> [Action item] Print all of the entries exactly, minus the pictures.

Scraped caption text data:
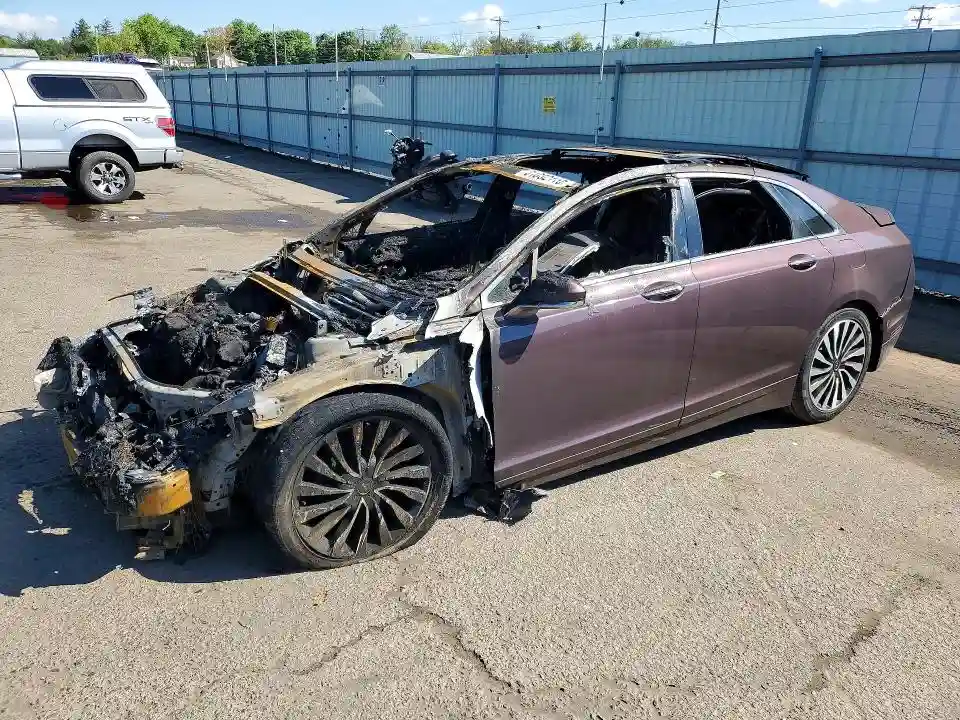 3LN6L5G92JR621692 2018 LINCOLN MKZ-0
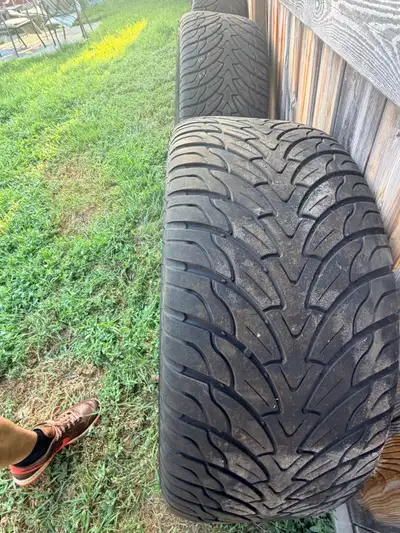 Tires are 305x35R24 and in almost new as they were only used for 2 seasons. The rims are dirty but i...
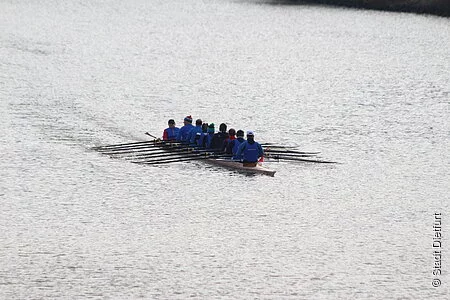 Ruderboot auf dem Kanal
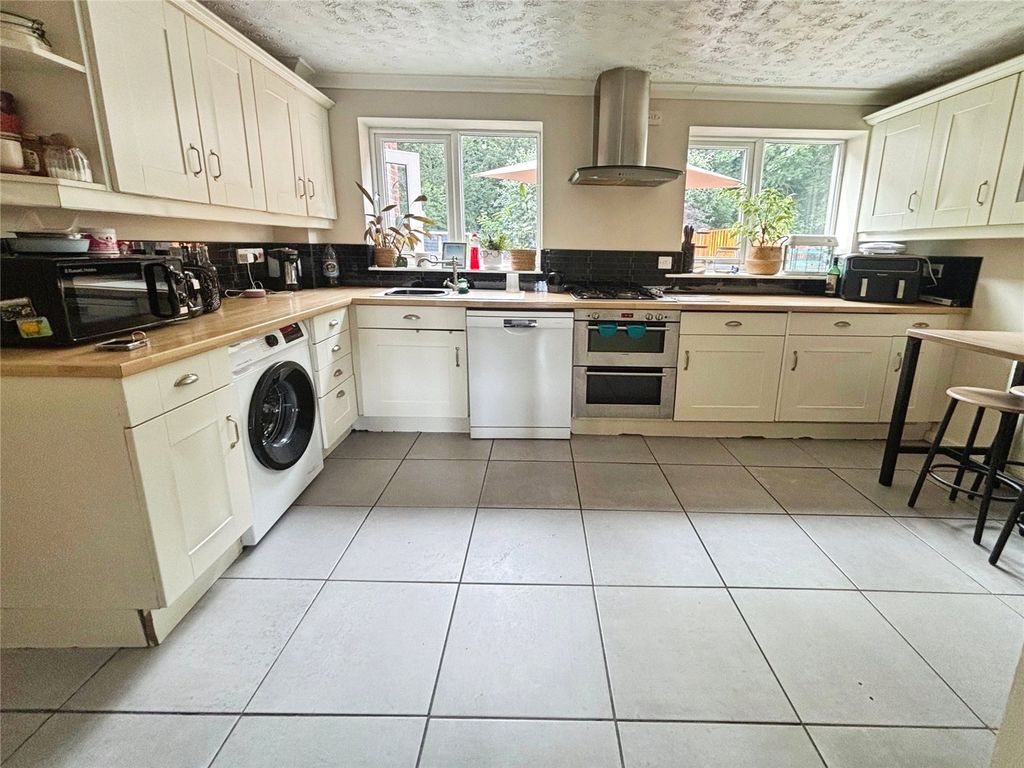 Property photo 3 of 16 Kitchen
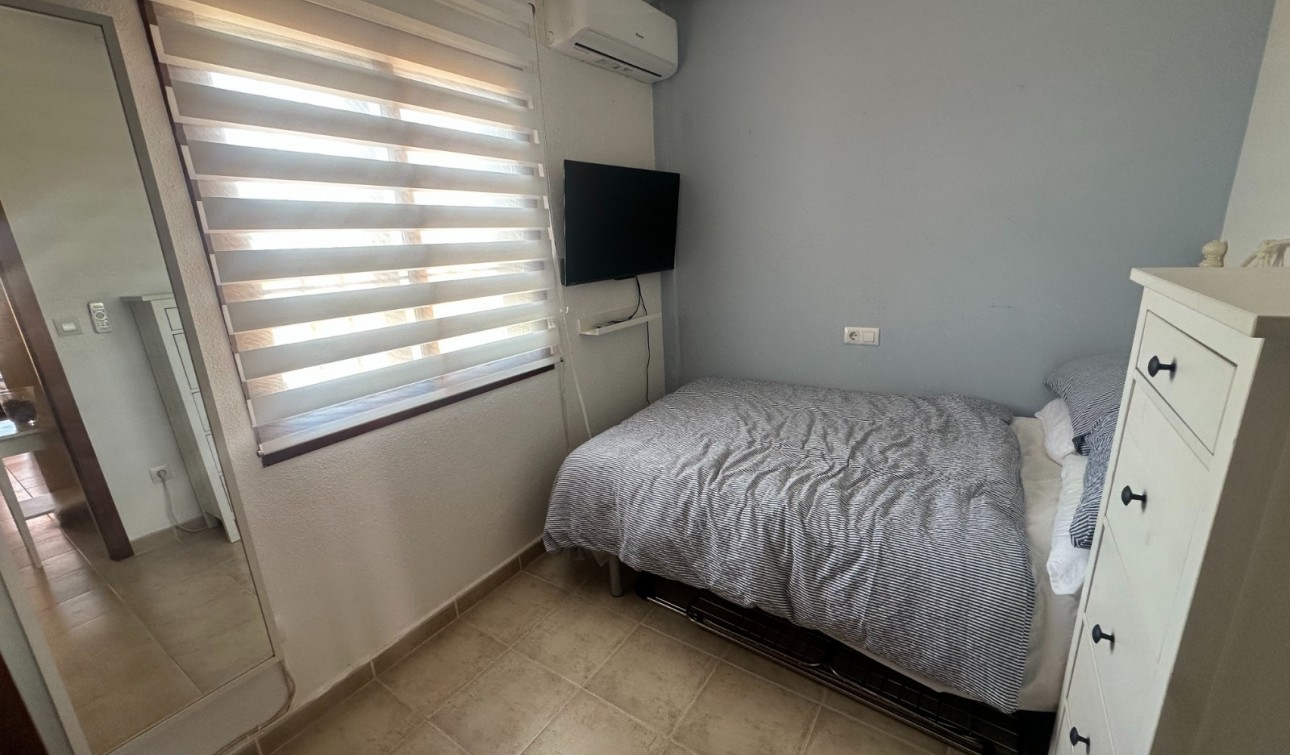 Resale - Apartment / Flat - Torrevieja - Aguas Nuevas
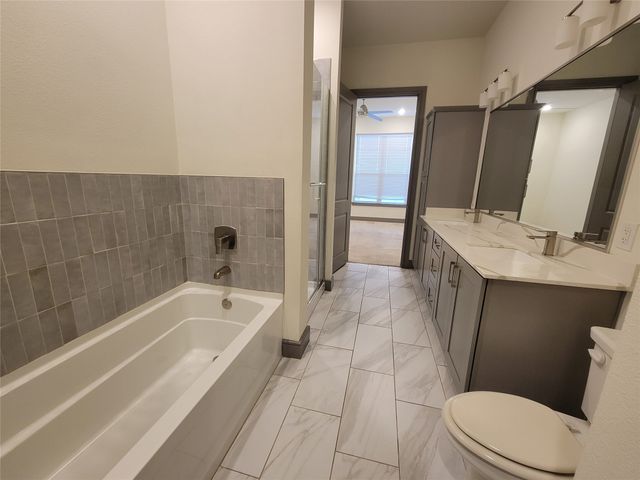 2700 Old Denton Road 1017, Carrollton, TX 75007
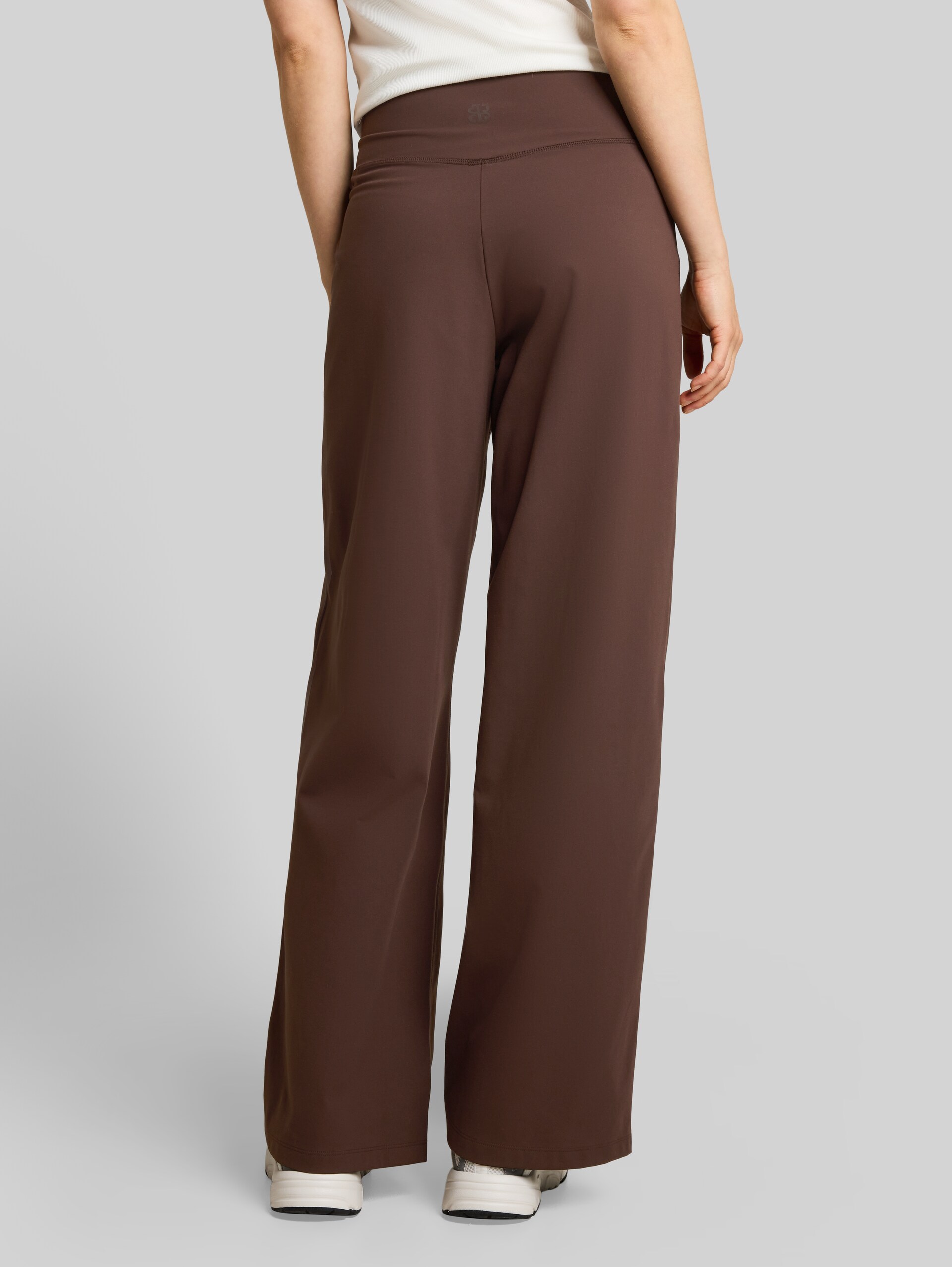 Sportbroek met wijde pijpen - cool dark brown - Neklijn model-achteraanzicht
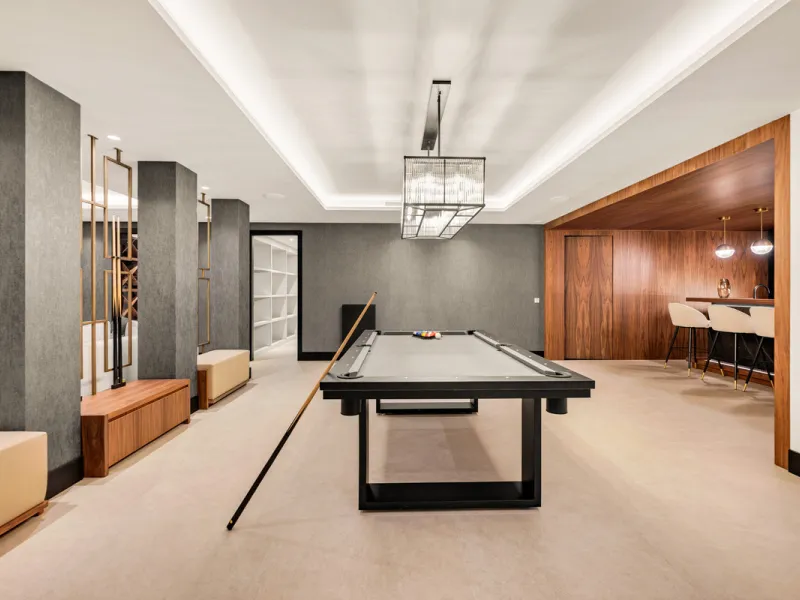 Perfectly set within the exclusive La Resina Golf community, this is a modern four-level residence crafted by renowned architect Francisco Martínez Galván. With 674 m² of refined living and 249 m² of terraces, it delivers bold design, effortless luxury, a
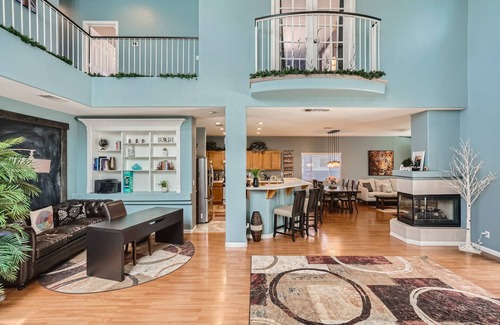 Spring Valley Maison | Luxe Vegas Oasis -- Sleeps 10 -- 5 Plush Beds -- 15 min from Strip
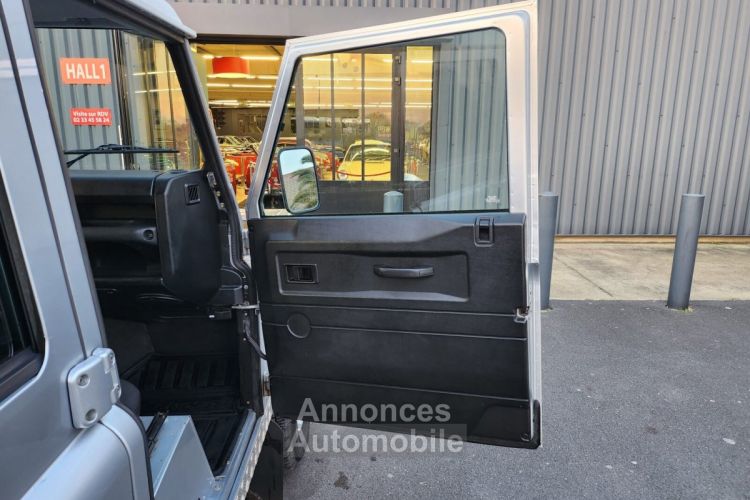 Land Rover Defender 130 - <small></small> 39.900 € <small>TTC</small> - #35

> [Result below]
 3LN6L5G92JR621692 2018 LINCOLN MKZ-0
 Tires are 305x35R24 and in almost new as they were only used for 2 seasons. The rims are dirty but i...
 Ruderboot auf dem Kanal
 Property photo 3 of 16 Kitchen
 Resale - Apartment / Flat - Torrevieja - Aguas Nuevas
 2700 Old Denton Road 1017, Carrollton, TX 75007
 Sportbroek met wijde pijpen - cool dark brown - Neklijn model-achteraanzicht
 Perfectly set within the exclusive La Resina Golf community, this is a modern four-level residence crafted by renowned architect Francisco Martínez Galván. With 674 m² of refined living and 249 m² of terraces, it delivers bold design, effortless luxury, a
 Spring Valley Maison | Luxe Vegas Oasis -- Sleeps 10 -- 5 Plush Beds -- 15 min from Strip
 Land Rover Defender 130 - <small></small> 39.900 € <small>TTC</small> - #35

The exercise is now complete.